What to work on: Could the records below be restated word for word, without a single picture?

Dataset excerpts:
_ _ _ _
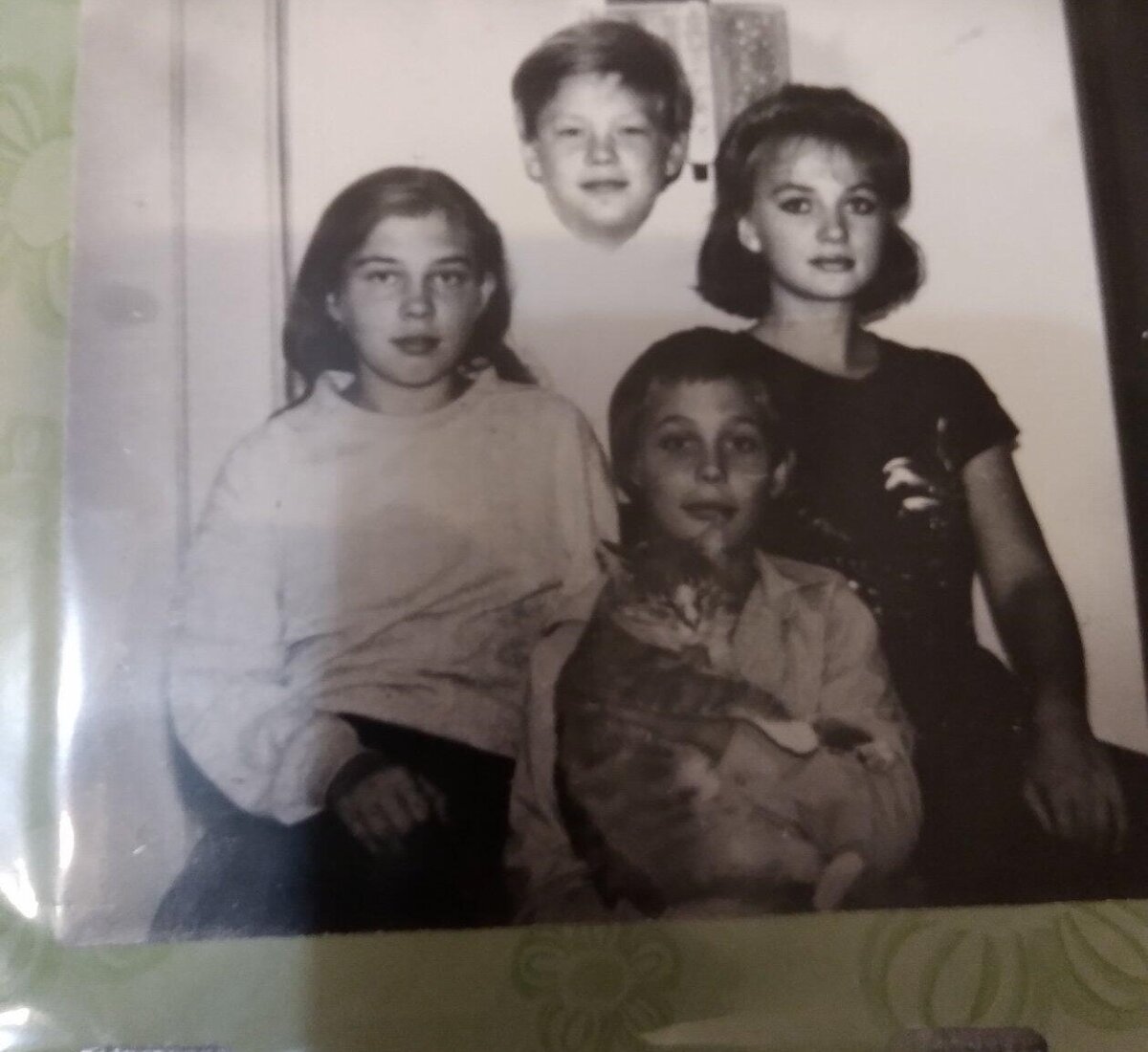 Я слева (в белом свитере). Фото сделано почти 30 лет назад. Еще нет никаких особых проблем и забот, папа и мама еще живы, и в политические игры я тогда еще не вникала...

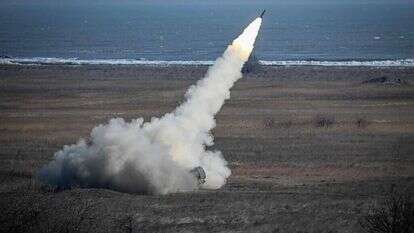 תרגיל משותף לצבאות רומניה, ארה"ב וצרפת, במערכת HIMARS שסופקה גם לאוקראינה. | איי.אף.פי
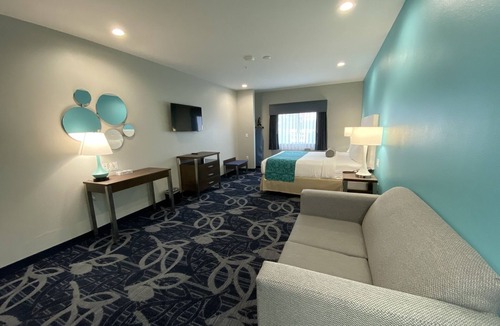 Barker Hotel | Best Apartments in Houston Willowbrook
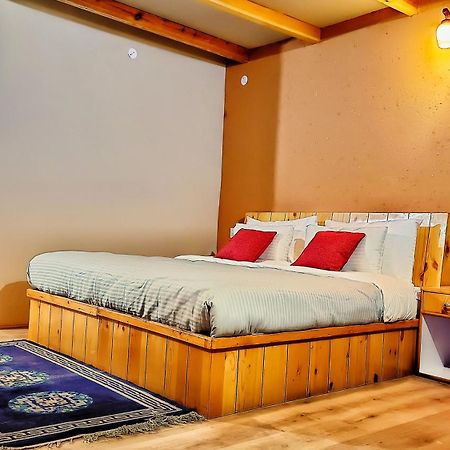 Mystic Pangong Hotell Spangmik Exteriör bild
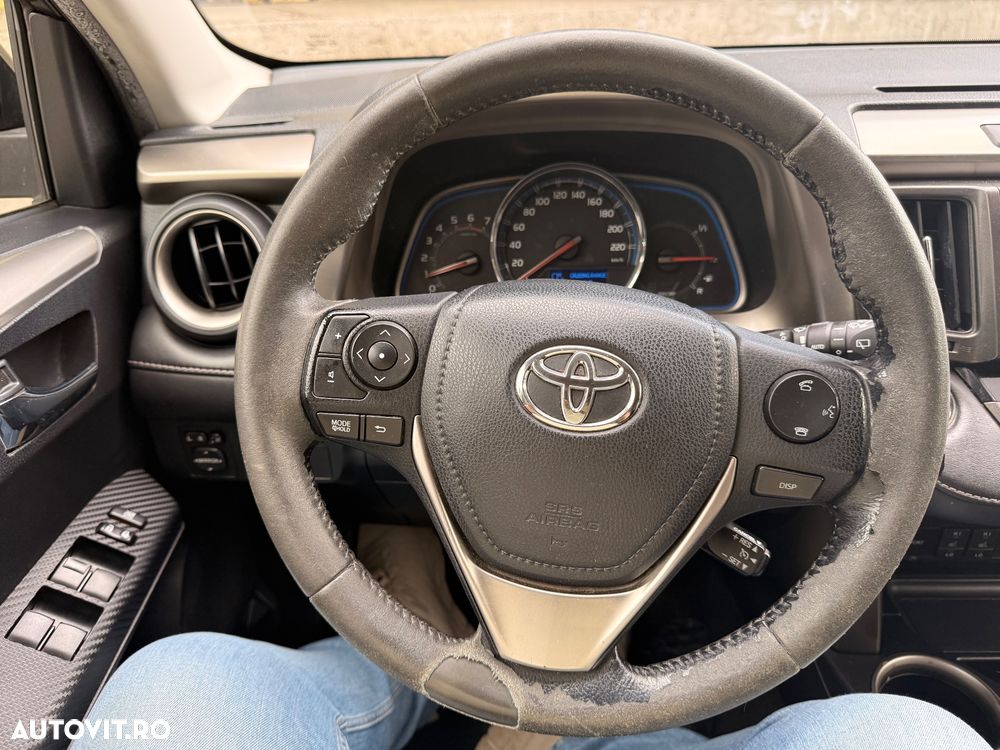Toyota RAV4 2.2 D-4D Luxury - 25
_ _ _ _
The answer:
 Я слева (в белом свитере). Фото сделано почти 30 лет назад. Еще нет никаких особых проблем и забот, папа и мама еще живы, и в политические игры я тогда еще не вникала...

 תרגיל משותף לצבאות רומניה, ארה"ב וצרפת, במערכת HIMARS שסופקה גם לאוקראינה. | איי.אף.פי
 Barker Hotel | Best Apartments in Houston Willowbrook
 Mystic Pangong Hotell Spangmik Exteriör bild
Toyota RAV4 2.2 D-4D Luxury - 25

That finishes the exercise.